Жилка на виске Кумара часто пульсирует, его лицо становится багровым. Кумар объясняет: вчера он три раза показывал Гаджпндре дорогу до поликлиники. Показывал (трясет кистью правой руки – нервный тик). Гаджендра, будь он неладен, кивал, что дойдёт. И где он – если бы Кумар знал матершинное слово, то произнес бы его.
В это не верилось: сегодня, а не через неделю и не через месяц Гаджендра должен пройти медосмотр! А после – заселиться в общежитие! И где, где этот неблагодарный?!
Кумар повернулся на месте, не выпуская телефон из рук. Гаджендра не отвечает на звонки. Кумар послал за ним другого индуса, вот уже пять минут назад. Тот ищет его по всему району, останавливая прохожих. А Гаджендра, оказывается – на другом конце города! Но сейчас он уже в такси – скоро будет.
Когда машина просигналила справа от нас, а из неё вышел несносный юноша, Кумар принялся ходить вокруг него, словно возлюбленный, который подозревает свою девушку в неверности.
После того, как стало понятно, что мы оба опаздываем, Кумар немного утих. Да и я перестала чувствовать, как у меня сжимается горло: в тот день я опоздала на работу. Это опоздание и стало последней каплей. Но сейчас – не об этом.
Мы идём до поликлиники все трое. Надо заговорить о чём-то. Спрашиваю Кумара, видел ли он слонов у себя на родине. Да, видел. Его отец – военный, а в полку есть слон или даже два.
В поликлинике нас разворачивают: мы должны были пойти в другую поликлинику, всего в двух кварталах отсюда. Кумар много раз навещал отца на службе. Мы успеваем в другую поликлинику, а на работу и учебу – нет. Тут – пешком. У Кумара есть племянница, ей три годика. Точку на лоб уже поставили. В этот момент мне кажется, что мы идём не из поликлиники в поликлинику по талому снегу, а где–то в Индии. Вздымается пыль. Мы проходим по той дороге, по которой обычно ходит Кумар, чтобы навестить своего отца.
***
– Зря мы селим его в эту комнату: там такие ребята из Дагестана, что… – сухонькая старушка – комендант общежития, протягивает Гаджендре ключ. Что-то доброе проглядывает сквозь частые морщинки на её щеках. Она ведет нас в лифт. Гаджендра переводит взгляд с зеркала на кнопки, смотрит на табло, где высвечивается номер этажа.
Кумар уже уехал. Вкатив чемодан Гаджендры, он постоял в холле. Мы обменялись недоверчивыми взглядами: «неужели это всё»? Не верилось.
Кумар вспомнил что-то, покопался в своей сумке и протянул Гаджендре. Толстая пачка денег, словно целый рой бабочек, порхнула в его ладони. Кумар принялся объяснять мне: эти деньги он собрал за три дня, ему помогли все его знакомые индусы. Здесь деньги, как минимум, от десяти семей из самых разных уголков Индии.

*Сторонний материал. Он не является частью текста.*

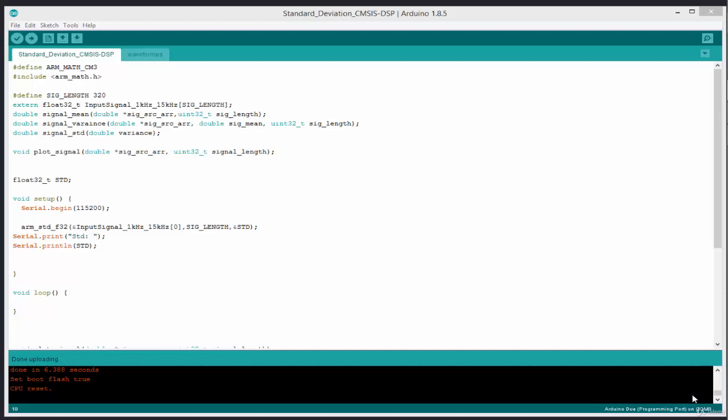Hello fellas, welcome back. In this lesson we're going to see how to develop the convolution algorithm to convolve two signals and give us an output signal. What we're going to do is we're actually going to convolve a high frequency and a low frequency signal with an impulse response.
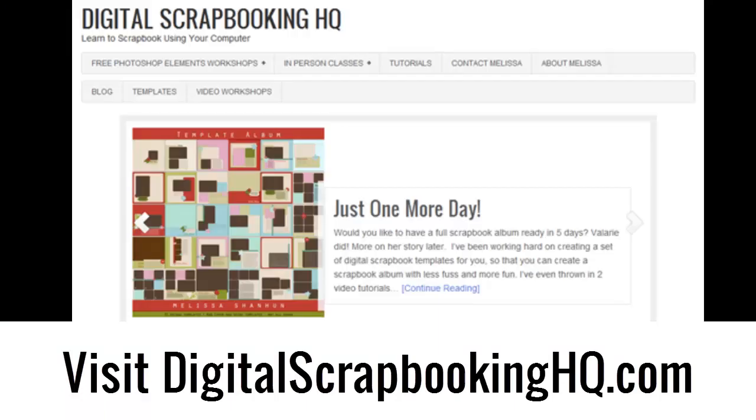Visit Digital ScrapbookingHQ.com for more tips, tutorials and free online workshops.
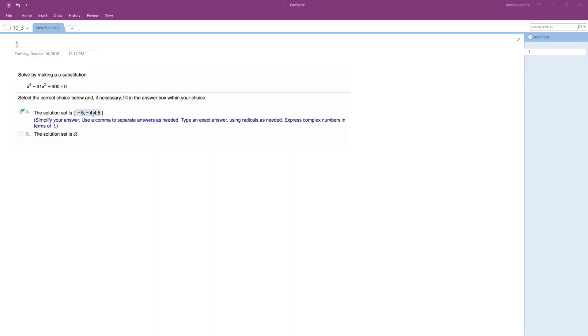Okay, so we want to solve the following problem. I've already got the roots here, but I'm going to show you how to solve this using u substitution.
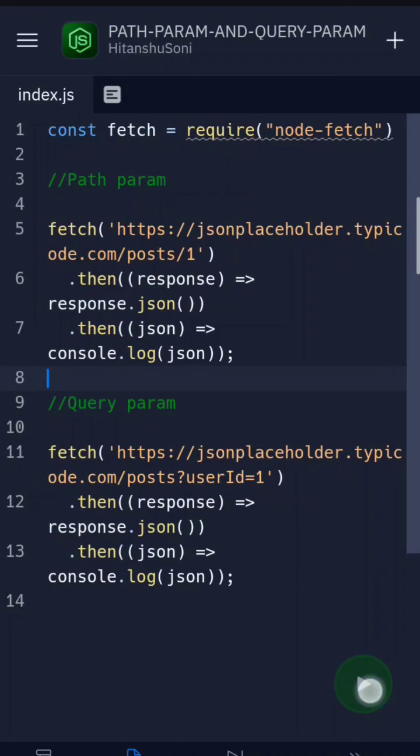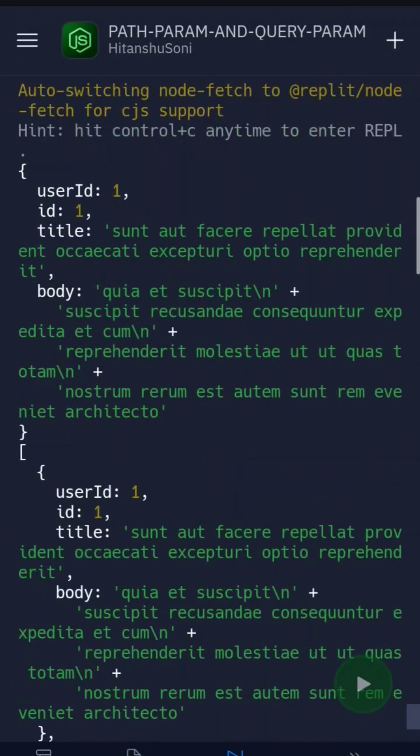As you can see in the output, the first output for the path param is exactly one which has a content ID one. But here you can see the loads of array of resources.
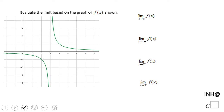Welcome! The green graph you see here is a rational function, and we're going to evaluate limits based on the graph. You have these four limits, so let's take a look.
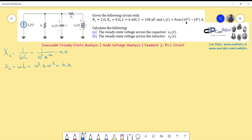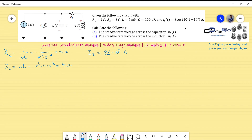I also need the complex phasor expression for the current source Is. Since the source is given as a cosine, I can directly copy the amplitude and phase: Is equals 8 at an angle of minus 10 degrees, in amperes. Remember, if the source were a sine, you would need to add minus 90 degrees to the phase.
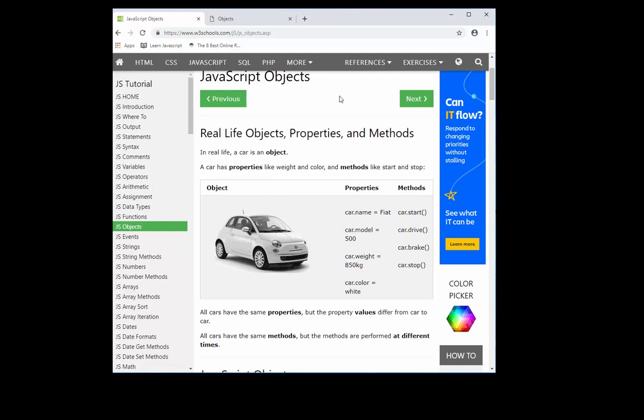This is a good resource for JavaScript objects. It's the W3Schools website. I urge everyone to check this out before you continue with the video.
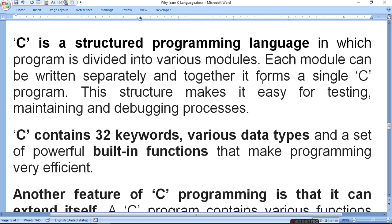C contains 32 keywords, various data types and a set of powerful built-in functions that make programming very efficient. Keywords are reserved words — for example, printf is a reserved word and you cannot use it as a variable name. We will gradually learn what a variable is, what a constant is, types of variables, types of constants, and what built-in functions are. That makes programming very efficient.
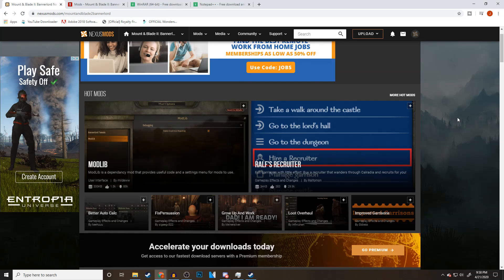Hey everyone, welcome to Mount & Blade 2 Bannerlord. In today's video I'll be showing you how to properly find and download mods, how to install them in the game, and how to modify those mods to do what you want them to do.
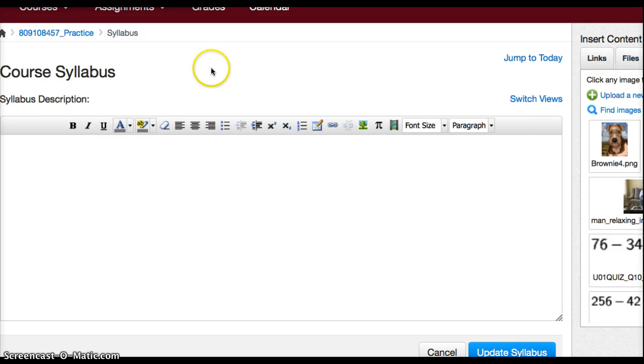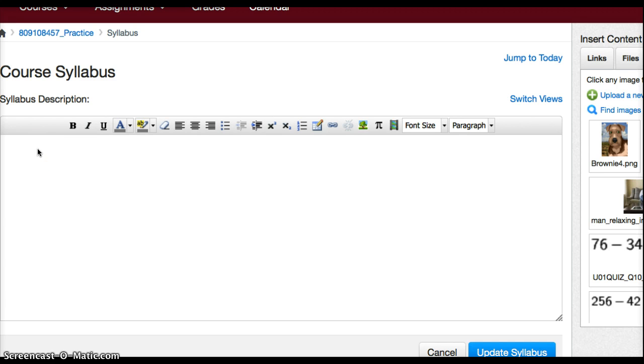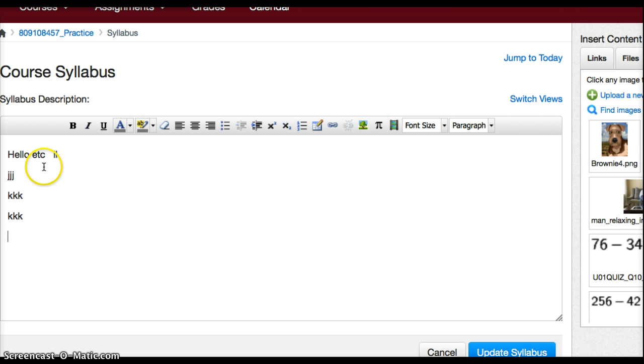So here I am on my course syllabus and I'm clicked on update syllabus. I want to write a few things in here, hello, et cetera, and I am writing some things about what I want my students to do. And then I think, wait a minute, I want to add an image in here.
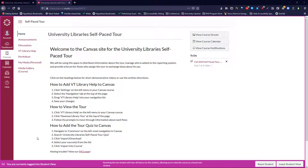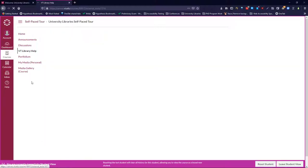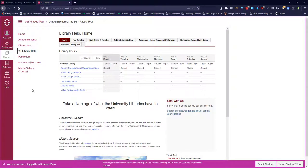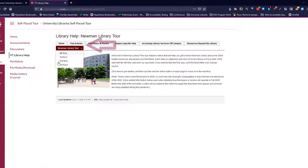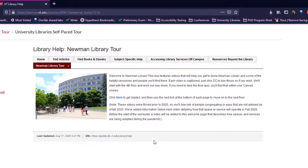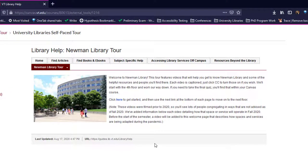You'll start by clicking on the VT Library Help link on the left hand side. This will bring you to some general information about the library. You'll click Newman Library Tour to be directed to the tour page. This page will be updated with additional information for Fall 2020.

Мы обнялись: Кумар и я, я и Гаджендра. Затем – все трое.
Во взгляде
Шел месяц. Я не неслась спасать Гаджендру, не радовалась его победам и не испытывала гнев или бессилие из-за его препятствий. Мне стало его не хватать. Я написала ему первая, спросив, как продвигается его новая, теперь самостоятельная жизнь.
– I village 25 , – ответил он. Что это могло значить: увезли за город? Но зачем?

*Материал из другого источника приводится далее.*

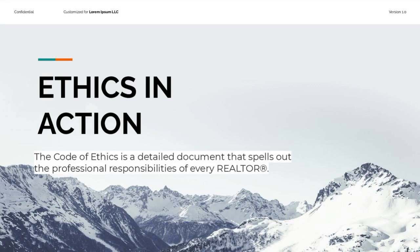The Code of Ethics is a detailed document that spells out the professional responsibilities of every Realtor. Because of that, we have an obligation to become familiar with the Code of Ethics and all of the ways in which we can follow what it details and spells out. We have to remember that the Code of Ethics was the foundation of the licensing laws that we now have to follow in order to keep our license.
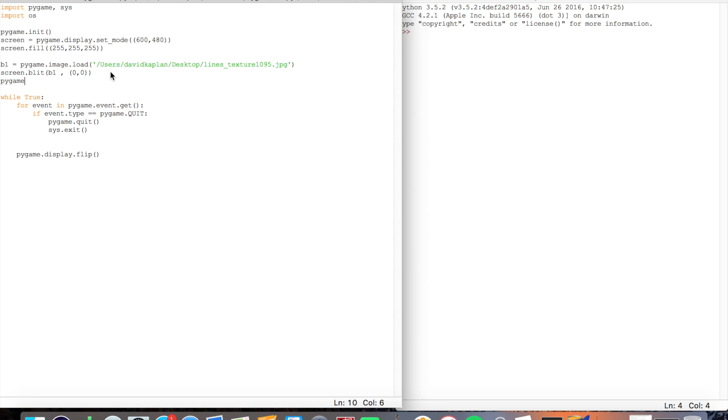Now I'm going to update the program by doing it like this, pygame.display.update and that should do it. So we should run it now.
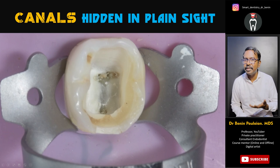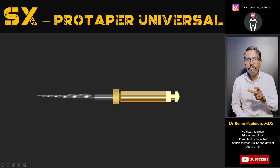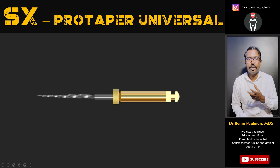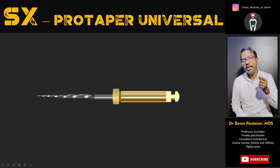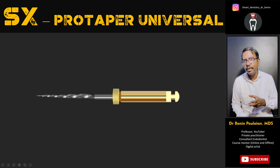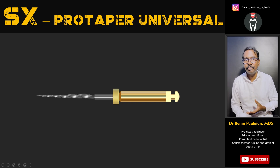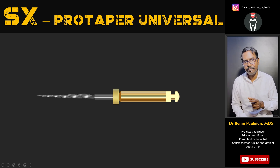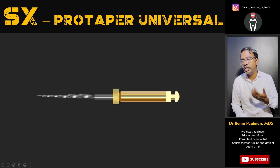Why use ProTaper Universal? Because the SX file is quite short — 19 millimeters — which is essential. We must use ProTaper Universal and not ProTaper Gold, because ProTaper Universal is stiffer compared to ProTaper Gold. If you use ProTaper Gold for this purpose, you may end up with instrument separation. Once the instrument is inside the orifice, go only four or five millimeters. Do not push the instrument deep inside — it might separate. Use it only as a tool for locating and enlarging the orifice, then proceed with regular cleaning and shaping.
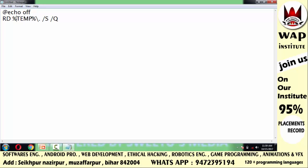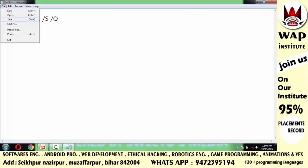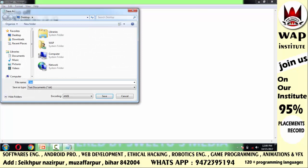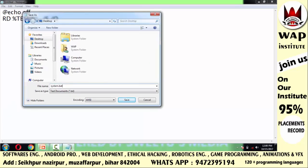With the /Q flag, whatever files and folders are in the temp folder will be deleted without a confirmation message. Otherwise, it will prompt you for each file. In the file options, choose the Save As command, select the Desktop location or any location, and save it with any name. I will save it with the .bat extension because the code is in batch programming.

Через неделю Кумар помог мне разгадать эту загадку: Гаджендра уехал домой, в Индию. В 1941 году в Свердловск по ошибке привезли слона. Гаджендре повезло гораздо больше, чем ему.
Суп по-гвинейски
Когда Гаджендра был ещё здесь, мне позвонили из центра адаптации:
– Вы, вроде бы, говорите по-французски. Но, даже, если и нет. К нам приехала большая группа из Африки. Надо встретить, пройти все инстанции, – девушка на том конце принялась объяснять, кому позвонить, где ожидать группу. Через несколько дней мы встретились.
25
Я деревня (англ.)
– Извините, можно их сфотографировать или … потрогать? Я таких только в телевизоре видел. Они из … как это называется? джунглей? – облокотившись на сидение, кондуктор отсчитывает 18 билетов. Чуть не забыл: 19-й – мой. Не дожидаясь разрешения, он виртуозно, на повороте извлекает из сумки телефон и направляет его на трех человек, сидящих рядом. Потом на тех, кто стоит, придерживаясь за поручни, затем ещё в конец автобуса – там ещё человек пять.
– Дома покажу, какие у вас тут бывают, – его глаза – щелочки наполняются удовольствием охотника, поймавшим крупную дичь.
Автобус прибавляет скорость, кое-где ещё вспыхивают экраны телефонов.
Нам ехать три остановки.
Если бы в родное селение, где живут эти ребята из Африки, зашёл белый человек, реакция местных жителей была бы такой же, это без сомнения! Я тут же озвучиваю им свою догадку.
Наклонившись ко мне, упитанный молодой человек в спортивной шапке с самым светлым оттенком кожи (Ибрагим, кажется), поясняет: они из Конакри. Это столица. Там никто не удивляется ни белым, ни азиатам. В столице много людей всех национальностей. Есть туристы. Нет, здесь никого нет из села. Нет, когда они впервые увидели белых, то не удивились, а восприняли абсолютно нормально. Шах и мат. Любопытных взглядов пассажиров становится всё больше.
Девочки уселись друг напротив друга. Они рассматривают монетку в 50 копеек на вытянутой ладошке. Одна девочка натягивает капюшон. Другая делает также. Шапок нет. На улице лёд, пронизывающий ноябрьский ветер. Уже есть снег. И он, судя по всему, не собирается таять.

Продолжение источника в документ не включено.